CALCUTTA, India, Sept. 3 (UPI) -- In a bid to catch up with China for a larger share of the global trade, India's new government unveiled its new government's first foreign trade policy earlier this week. The plan is ambitious, to say the least, with the government hoping to increase the country's exports to to 1.9 percent of global trade by 2009 from the current 0.8 percent.
For that to happen, experts said India's exports would need to grow at 21 percent a year, which it has yet to do. For year ending March 2004, India's exports grew at 13.5 percent over the previous year, and in the current year the target is 16 percent. Asking for a 20 to 21 percent growth rate under the circumstances is therefore a tall order said experts.
Yet Kamal Nath, the Commerce and Industry Minister who unveiled the new foreign trade policy, remains undeterred.
"The target means that the country has to increase its exports from $62 billion a year to $175 billion by 2009, which I do not think would be difficult to achieve," Nath said.

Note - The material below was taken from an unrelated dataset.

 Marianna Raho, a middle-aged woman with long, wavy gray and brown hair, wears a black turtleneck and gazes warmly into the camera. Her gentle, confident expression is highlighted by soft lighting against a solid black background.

"The strategy would give special emphasis on sectors that can achieve a quantum jump in exports," Nath added, arguing that "new sunrise industries have been identified for exports push."
Indeed, with many of the barriers of foreign trade- like freeing a number of exportable and importable items and reduction of import duties- being removed over the past several years, the new foreign trade policy is more of a facilitator to trade and focuses on simplification and rationalization of measures for exporters.

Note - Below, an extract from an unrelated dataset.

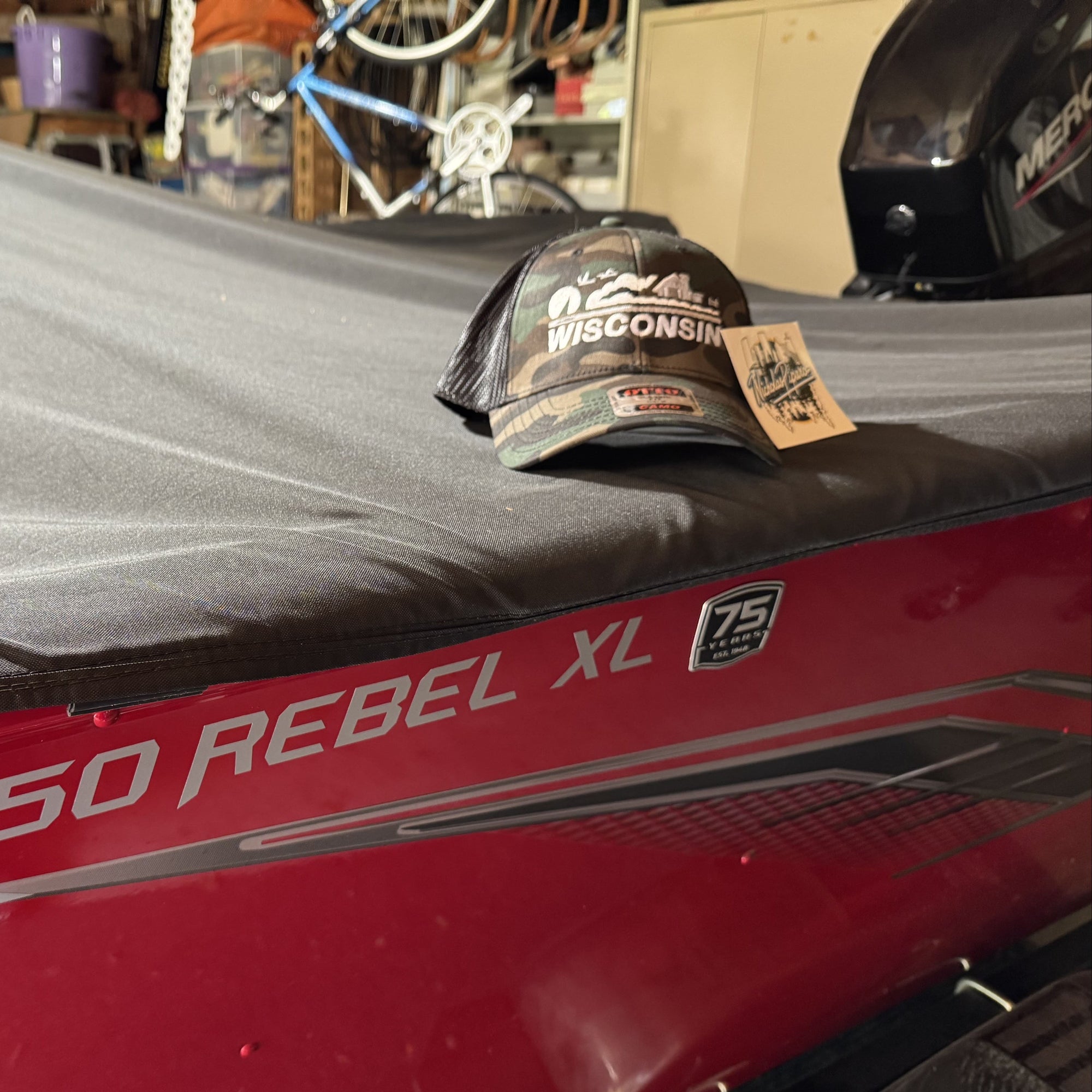 Red outboard motor with a wisconsin cap on top, indoors.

For instance the policy has simplified several procedures aimed at cutting down transaction costs, including increasing the validity of licenses and entitlements issued under various schemes to a uniform 24 months. The policy has also reduced the number of paperwork required for import of certain restricted items.
The age restriction on import of used capital goods -like machinery, etc- has also been removed to make import of such goods cost effective and Indian industry more competitive. There are several countries that were moving away from the manufacture of specific commodities. For instance, Scotland had decided to stop steel production. Equipment and machinery from such countries can now be easily imported.

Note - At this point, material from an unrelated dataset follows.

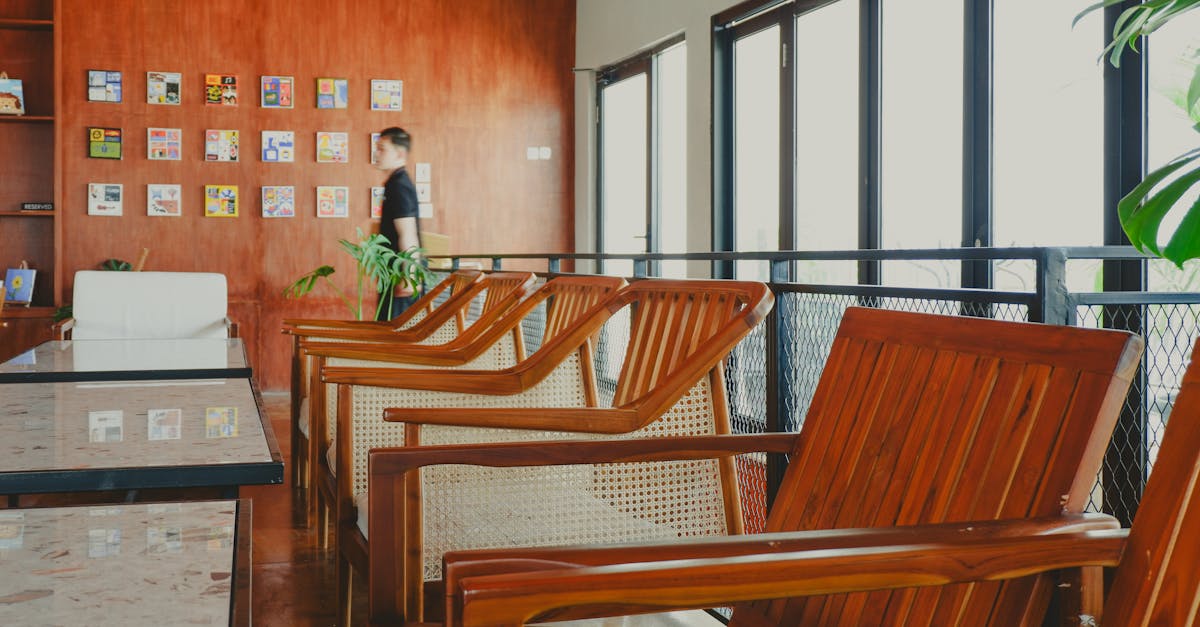 Cozy cafe space featuring wooden chairs and warm decor in a relaxed ambiance.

The trade policy has reduced the minimum depreciated value for such plant and machinery imports to $5.5 million from $11 million, which means that Indian manufacturers can now import even older machines. Smaller textile makers were finding it difficult to import equipment as the threshold was pegged at a higher level. They too can expect to be more competitive with the leeway in this policy, according to commerce ministry officials.
In line with special export zones in countries like Dubai, the new policy has also paved the way of setting up free trade and warehousing zones, which are aimed at making India a global trading-hub. In these zones foreign direct investment would be permitted up to 100 percent of the development and establishment costs.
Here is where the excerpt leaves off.